Start of Source information

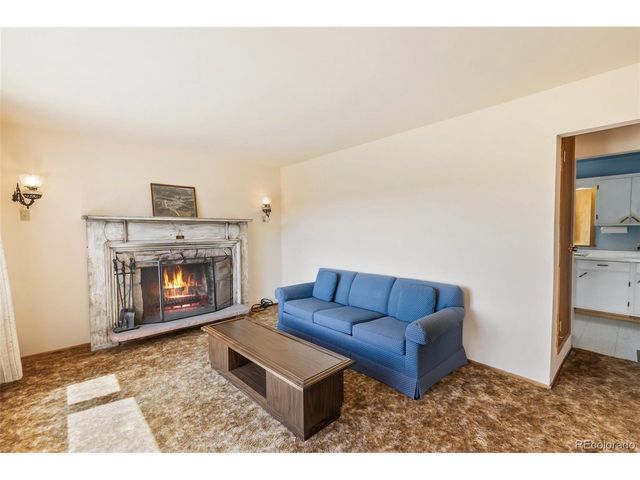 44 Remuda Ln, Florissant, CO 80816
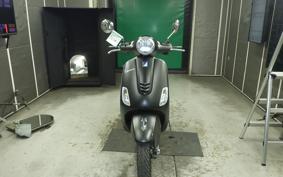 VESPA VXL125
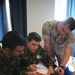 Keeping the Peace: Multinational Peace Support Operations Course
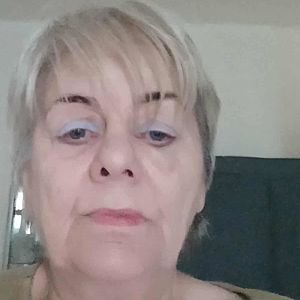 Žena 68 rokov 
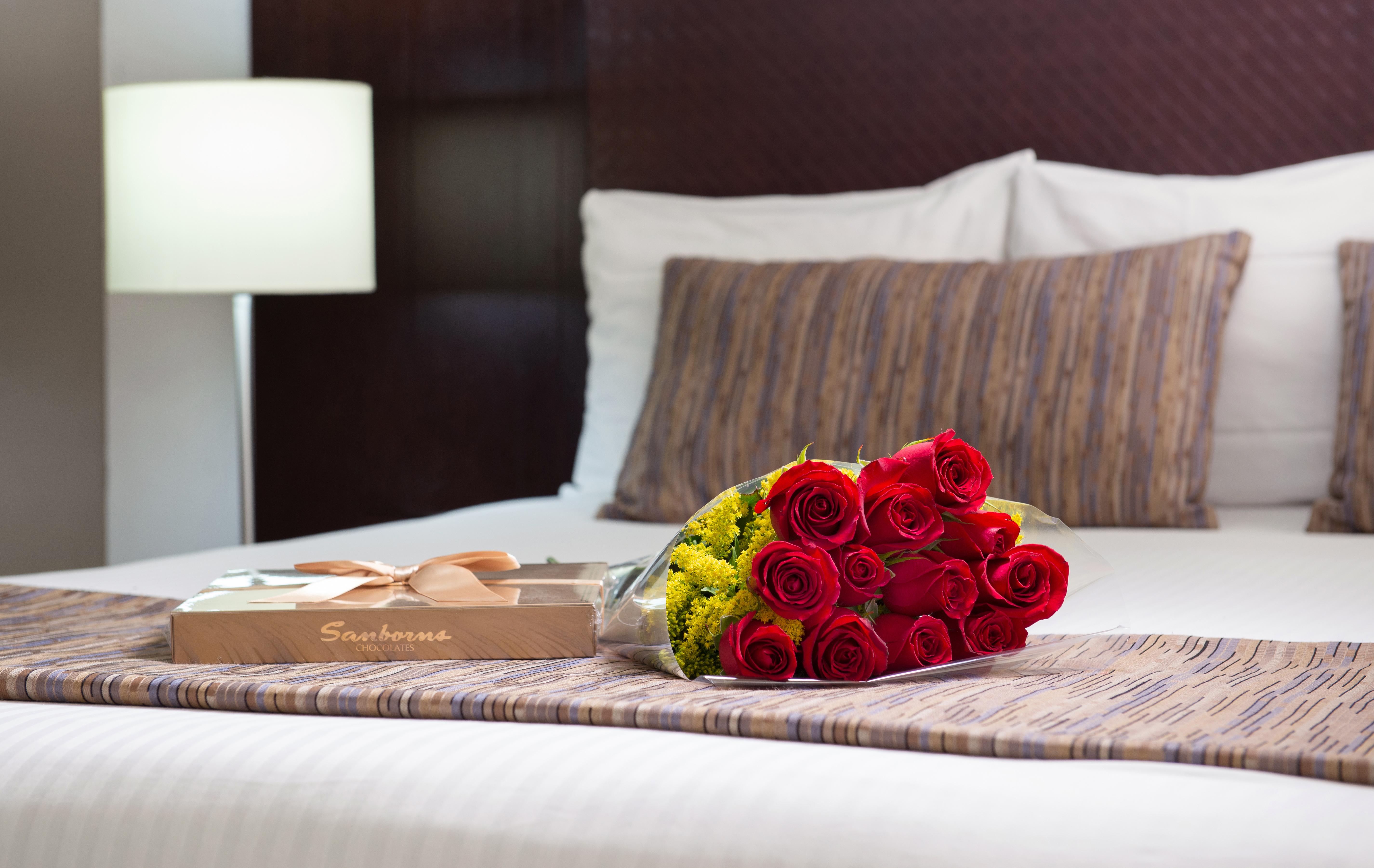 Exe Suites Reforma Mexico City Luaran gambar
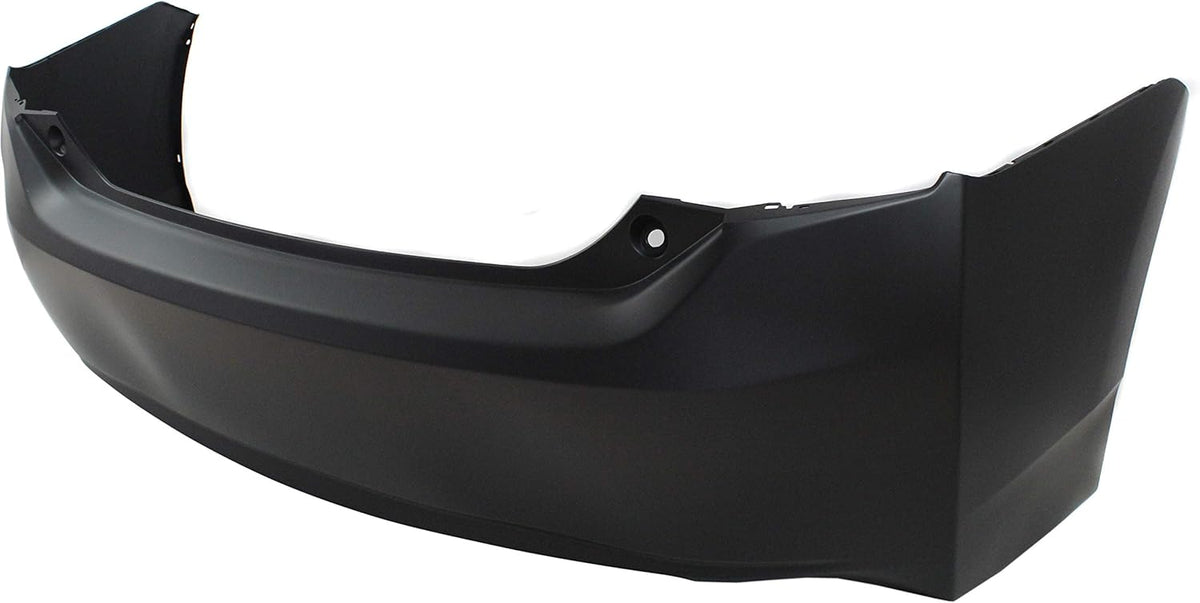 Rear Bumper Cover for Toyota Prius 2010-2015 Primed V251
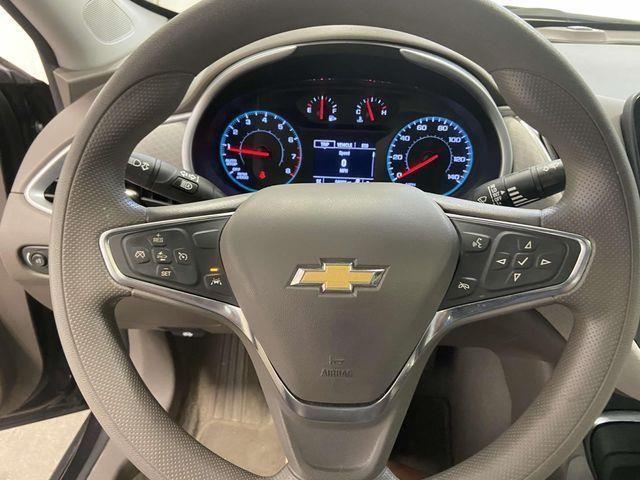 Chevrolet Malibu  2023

End of Source information

Drop the pictures and reproduce the rest of the data exactly.

→ Worked solution
 44 Remuda Ln, Florissant, CO 80816
 VESPA VXL125
 Keeping the Peace: Multinational Peace Support Operations Course
 Žena 68 rokov 
 Exe Suites Reforma Mexico City Luaran gambar
 Rear Bumper Cover for Toyota Prius 2010-2015 Primed V251
 Chevrolet Malibu  2023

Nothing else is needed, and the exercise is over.